I am not who everyone thinks I am. And it’s only a matter of time before someone finds out.

When my manager told me she is expanding our department and hiring new people, I had a thought that maybe she was planning to fire me.  Maybe she had realized I’m not as good at my job as she previously thought and was hiring my replacement.

Last week I returned to work from vacation to find that my manager submitted my name for an award. Her submission said:

“Although I should be used to it by now as she is so consistent, Jamie is constantly surprising me by how she kicks every project up a notch and follows through with a countless number of requests and projects, completing them better than I would have myself. Jamie, not everyone could be able to handle as much as you do, especially with such poise and high levels of success. Thank you for all you do!”

I read it a few times to make sure I was reading it correctly. My internal reaction was:

blog“Does she really believe this about me? My contribution is small, and my work is by no means amazing. If she really knew my work processes and took a closer look at what I’ve produced thus far, I’d probably be in trouble instead of being nominated for an award.”
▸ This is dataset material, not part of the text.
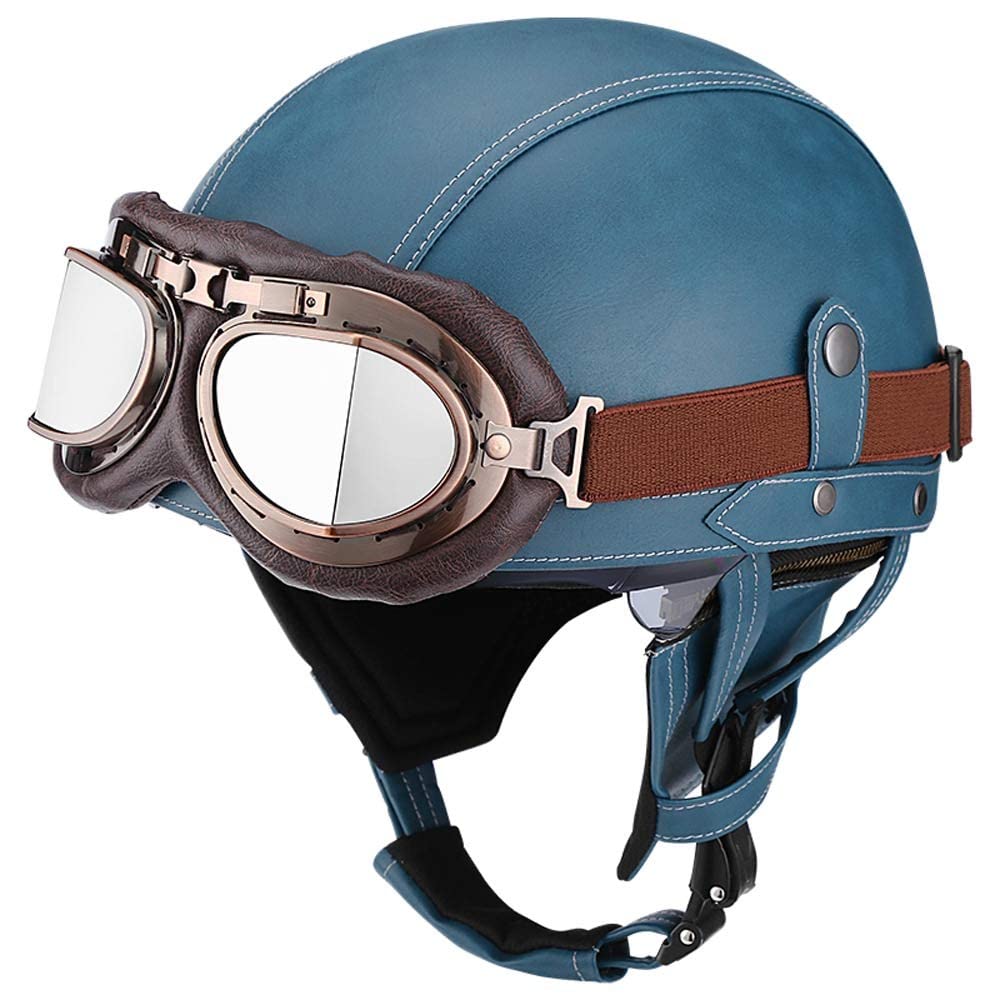 Retro Motorradhelm Leder-Halbhelme, Jethelme Deutschen Stil Mit Brille Open Face Roller Cruiser Chopper Anti-Collision Helm Erwachsene Männer und Frauen von MKDSUH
My immediate reaction was to discredit the kind and complimentary words from my manager about myself and my work ethic. I began trying to reason away the award nomination in my head because what I read could not be the truth.

Does any of this sound familiar? This is Imposter Syndrome.

I first discovered the concept via author Brene Brown. Imposter Syndrome is feeling like a fraud.  You believe others see you as being better than you truly are, and you think that eventually people will find out and realize you are a fraud.

I experience this in both my professional and personal life. Realizing this is a phenomenon that many other people experience left me feeling less alone. During an office book club meeting, I mentioned Imposter Syndrome and everyone perked up, unfamiliar with the term. I explained the meaning and immediately saw the change in their faces. A few people spoke up. “I experience that every day.” “I thought that was just me.”

Imposter Syndrome sounds ludicrous logically, but it’s very real. Recent research suggests that both women and men struggle with this and that people from all walks of life are susceptible. Neil Gaiman, Maya Angelou, and Tina Fey have all opened up publicly about their own fears of “being found out.”

In learning about all of this, I realized I can tackle these thoughts and turn them around. There are a variety of tactics you can use to manage your feelings of being a fraud, but here is what helps me:

  • I remind myself that every day I aim to be the best person that I can be, and I am enough.
  • I remember that people are entitled to their own opinions. If my manager truly believes that I am doing great work, why discredit her? She is smart enough to make her own judgment.
  • I think about all of the compliments I have received in my profession and personal life. Not all of them can be wrong about me, so I aim to internalize those compliments and own my successes.
  • I remind myself to stop comparing myself to others.
  • I remind myself that it is the Imposter Syndrome talking, and I silence the fear-based, self-deprecating thoughts. They are not the real me.

All of this is easier said than done, of course. I am still reacting to the imposter thoughts rather than getting in front of them and heading them off at the pass, but I am making progress.

Do you experience Imposter Syndrome? How do you cope with and manage these thoughts?